You may have read last month, my Blog post about travelling to Moscow and St Petersburg over Christmas and the New Year with my family. Well the second leg of the trip, was in Uzbekistan, and it was magical!
To be honest with you, it was my Dad that had always dreamt of going to Uzbekistan, along the Silk Road to Bukhara and Samarkand. I had barely heard of these places until he mentioned that we were going there (I know, shame on me…). So, as a good little Globetrotter, I started reading up about this country that is lodged in the middle of Russia, Central Asia and the Middle East. By the time we arrived to Bukhara from St Petersburg, I was overly excited to discover this country that I had barely studied at school and that was such a melting pot of cultures.
Like many of you, I wasn’t sure what to expect in a –stan country, and I can assure you that I was so impressed by the open-mindedness, the kindness and generosity of the Uzbeks, that I now can’t wait to go back there and discover all the other countries in that area! Anyway, before I can visit all of those countries, let’s get back to Uzbekistan itself.
We arrived in Bukhara and started to explore this small city that was once the capital of one of the local tribes. A key stop for the Silk Road, the ancient architecture seemed to be frozen in time.

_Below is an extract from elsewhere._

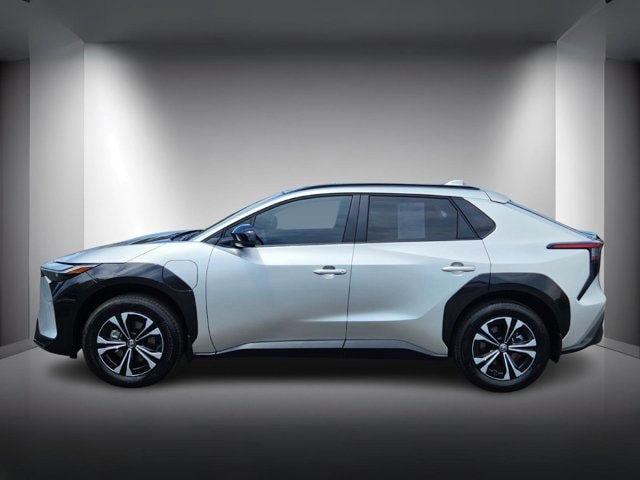 Used 2025 Toyota bZ4X XLE with VIN JTMABACA3SA105265 for sale in Lakewood, CO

Its massive turquoise domes towering over modern day life seemed to guard the locals and remind them constantly of the rich history of the city. Caravan courts (which are where the travelling caravans of camels charged with goods would stop to sell, exchange and rest) have been transformed into modern day mini shopping centres, still preserving their original look and feel. And the mosques are a testament to beauty, art and love of culture. Uzbeks are proud of their heritage and work daily to preserve it to share with future generations. This was also visible in the next city that we visited: Samarkand.
Samarkand was the capital of Timor the Great. He was, and to this day, still considered a unifying leader of the Uzbek people. Not only was he a skilled warrior but also a fair and just man. His capital, Samarkand was one of the most beautiful cities in the world in the 13th Century and he knew it! With some of the tallest buildings in the world for that time (mainly mosques), we were left flabbergasted by what we saw. The blue and turquoise domes were endless, the mosaic work was masterful and flawless. Oh, and the food! Kebabs, Samosas, Chiken Tikkah, all of these that you think are Indian or Turkish, well think again, they are all Uzbek originally! We were just as surprised as you to learn that a lot of cultural elements that we believed to stem from neighbouring countries are actually original to Uzbekistan. This is mainly because of the huge amount of travel that took place throughout Uzbekistan, making it and influencer for certain elements, just as much as an influencee.
Our time in Uzbekistan was short and sweet, 4 days spent wandering around some of the wonders of this world, but we all want to go back. It is an newly independent open-minded country where some socialist values still persist, mixed in with loving muslim ideas, and an incredible historical heritage. The country blends tradition and modernity in a way to protect what they have yet move forward not forgetting who they are. This is a country that took in orphans from eastern European countries in the thousands during WWII, and strives on diversity, and has done for centuries. I’m sure that we could learn a lesson or two from the Uzbeks.